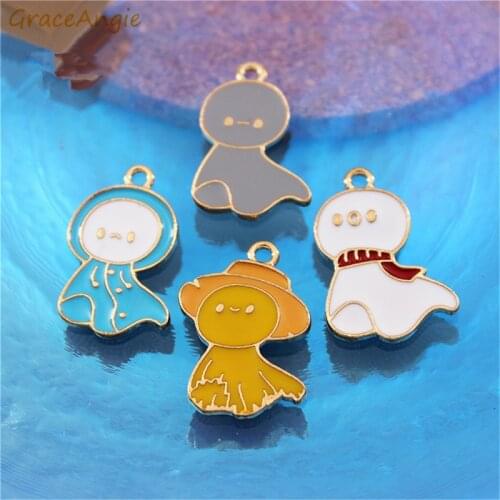 8pcs/pack Enamel Charms Japanese cartoon sunny doll DIY jewelry dripping alloy pendant earrings keychain pendant accessories New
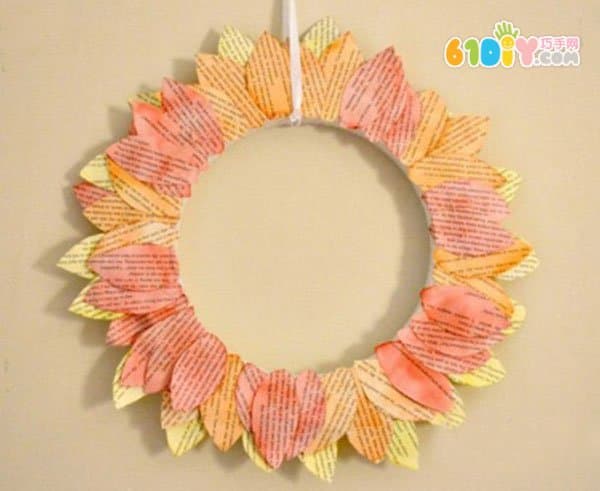 废纸diy制作向日葵花环_报纸杂志手工_巧巧手幼儿手工网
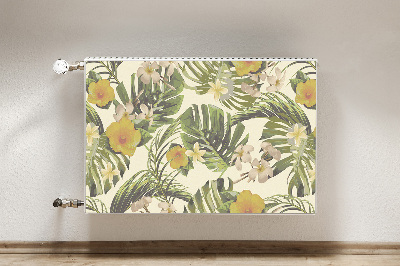 Decorative radiator cover Tropical leaves and flowers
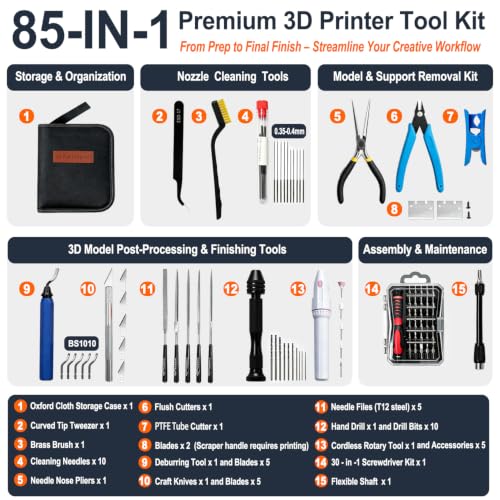 85pcs 3D Printer Tool Kit with Storage Bag,Post-Processing & Complete Maintenance Tools incl.Nozzle Cleaning Kit,Deburring Tool,Wire Cutters,Screwdriver Set,for Bambu Lab,Ender 3,Kobra, Starter Kit - size: All in One Tool Kit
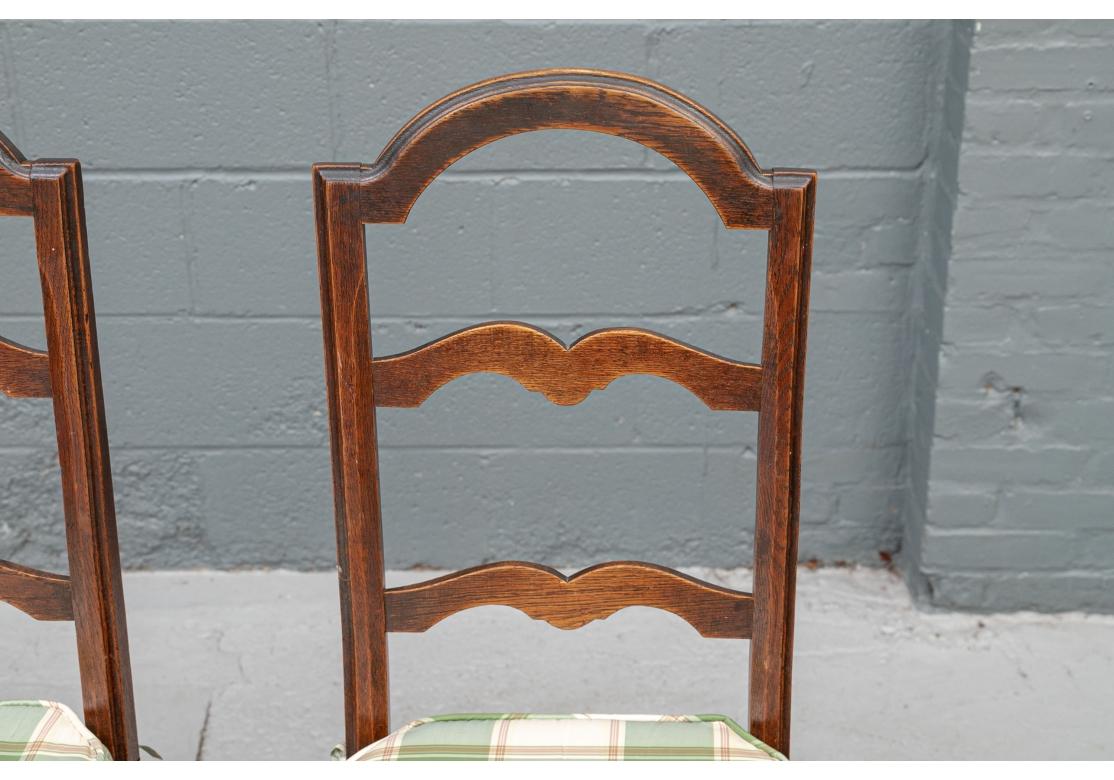 Set Six Antique Oak Dining Chairs  In Fair Condition For Sale In Bridgeport, CT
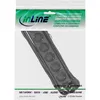 A black power strip with multiple outlets is shown in its packaging. Produktbild-Vorschau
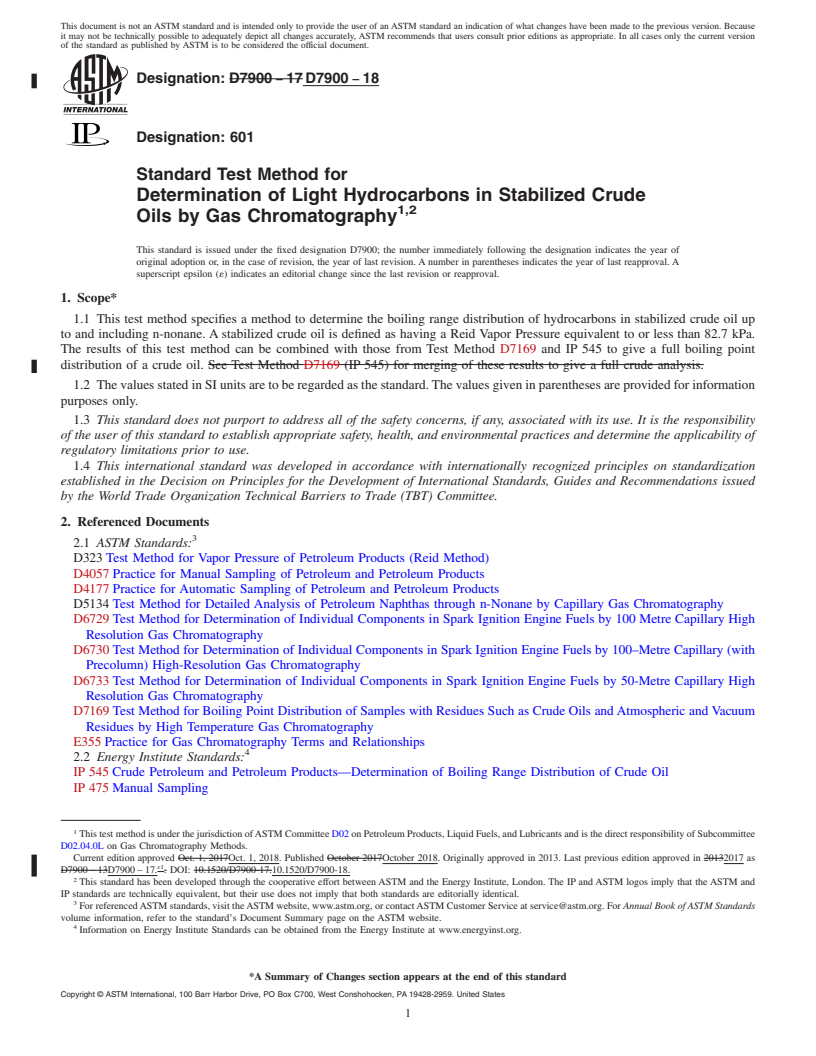 REDLINE ASTM D7900-18 - Standard Test Method for Determination of Light Hydrocarbons in Stabilized Crude Oils  by Gas Chromatography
^^^^
• [Task directions]: Your answer must be an exact copy of the data above, minus its pictures.

• [Written solution]:
 8pcs/pack Enamel Charms Japanese cartoon sunny doll DIY jewelry dripping alloy pendant earrings keychain pendant accessories New
 废纸diy制作向日葵花环_报纸杂志手工_巧巧手幼儿手工网
 Decorative radiator cover Tropical leaves and flowers
 85pcs 3D Printer Tool Kit with Storage Bag,Post-Processing & Complete Maintenance Tools incl.Nozzle Cleaning Kit,Deburring Tool,Wire Cutters,Screwdriver Set,for Bambu Lab,Ender 3,Kobra, Starter Kit - size: All in One Tool Kit
 Set Six Antique Oak Dining Chairs  In Fair Condition For Sale In Bridgeport, CT
 A black power strip with multiple outlets is shown in its packaging. Produktbild-Vorschau
 REDLINE ASTM D7900-18 - Standard Test Method for Determination of Light Hydrocarbons in Stabilized Crude Oils  by Gas Chromatography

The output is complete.